Table 1: Summary of Significant Assay Results from 2020 Diamond Drill Hole Program Holes 1 and 2
1Reported intervals are down-hole lengths and not true thickness. True thickness is estimated to be 75-90% of reported down-hole length. No gold assays are cut and intervals are calculated using a 0.1 g/t Au cutoff and a maximum of 1 meter allowable waste and a nominal threshold of significant grade-thickness at 5 gram-metres gold.
Drill hole ICGB2020-1 was drilled directly north of the 2018 drilling to determine if the mineralization discovered in 2018 continues along strike (Figures 1 and 2). It was drilled along an azimuth of 276° with a plunge of -45° to a depth of 299.31 metres. In addition to the reported intervals, ICGB2020-1 intersected significant mineralization at >0.1 g/t gold but below a 5 gram-metres threshold. These intervals include 20 individual core lengths from 1m to 9m with assays ranging from 0.1 to 0.7 g/t gold and 5 individual core lengths from 0.7m to 1.0m ranging from 1.3 to 2.2 g/t gold.
Drill hole ICGB2020-2 was drilled east of the main trend in order to target the downdip extent of mineralized quartz veins mapped at surface (Figures 1 and 3). It was directed along an azimuth of 70° with a plunge of -45° to a depth of 223.24 metres. In addition to the reported intervals, ICGB2020-1 intersected significant mineralization at >0.1 g/t gold but below a 5 gram-metres threshold. These intervals include 12 individual core lengths from 1m to 6m with assays ranging from 0.1 to 0.8 g/t gold and 2 individual core lengths of 1.0m ranging from 1.6 to 3.5 g/t gold.

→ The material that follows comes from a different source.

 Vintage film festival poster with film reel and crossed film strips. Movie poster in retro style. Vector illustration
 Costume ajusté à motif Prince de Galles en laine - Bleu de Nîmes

Results from holes ICGB2020-1 and -2 extend the mineralized signature of the 2018 drill program, intersecting shallow oxide-hosted gold as well as high grade quartz-sulfide vein hosted gold mineralization at depth. The drill program in 2020 has served to further define the geometry of the Orogrande Shear Zone (OSZ) within the Idaho Champion claim block.
Mineralization is found to occur in two styles: shallow oxide mineralization and deeper quartz-sulfide veins and stringers (see Figures 2 and 3). Shallow oxide mineralization is dominantly hosted within strongly fractured and brecciated quartzite occurring as an oxide overprint on pre-existing quartz-sulfide vein mineralization. Deeper quartz-sulfide vein mineralization is localized by brittle structures which are commonly found at the contact between metamorphosed sedimentary rocks of the Belt Supergroup with quartz monzonite igneous dikes. The oxide-sulfide transition is usually associated with highly fractured rock, with a basal layer of rock fragments cemented by iron oxide stained clay.